Quoting Alan Campbell <gimp-u...@alancampbelllists.ukfsn.org>:
>> That's really an abuse of the gimprc though.
> So it's really only meant for GIMP and GIMP plugin settings?
I agree with Sven that using gimprc for this purpose is inappropriate.
> Also it looks like once I've called gimp-gimprc-set, no way to remove
> expunge evil deed from the gimprc file?
Correct. it would be quite a task to remove your script-generated
settings from the gimprc while retaining the user's configuration
choices (as well as the script-generated settings of other scripts,
assuming they likewise employed gimprc).
In addition, storing script data in gimprc would somewhat "break" the
documentation for gimprc.
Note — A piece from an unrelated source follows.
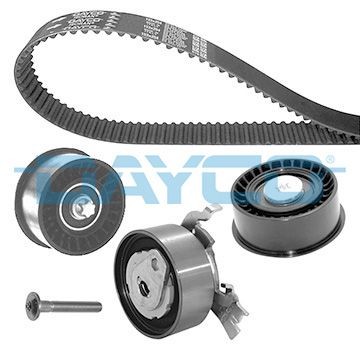 DAYCO KTB361: Hammasrihma komplekt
While a few scripts adding settings to
gimprc would be acceptable (which is why those PDB functions are
exposed), if this became convention then gimprc might soon become
cluttered with undocumented settings.
But the worst aspect of scripts saving data in gimprc is that the
gimp-gimprc-set function interacts with the file every time it is
invoked (whereas the parasiterc file is only rewritten upon GIMP
exit). It is not really a good idea to have a script reading, parsing,
and writing back a file each time it is executed -- doing so makes
your script dependent upon file system speeds (it is also conceivable
in theory that your script will be iteratively executed hundreds of
times in rapid succession). It is far better conceptually to
manipulate such data in memory, and saving the data only upon exit.
>> It would be much better to get the parasites problem fixed.
> Sure. I'm not in no hurry. Lots more wrok to do on my woodrat
> scripts. Any guess re timescale?
Keep in mind that even should the bug be fixed today, if you are
sharing your script with others then you will want it to work with
versions of GIMP which are in current use. Thus I would recommend
using the work-around previously provided (if your script isn't
intended for general distribution, you needn't worry about this). It
would probably be a year or two before you could reasonably expect
that most users would have updated to a fixed version.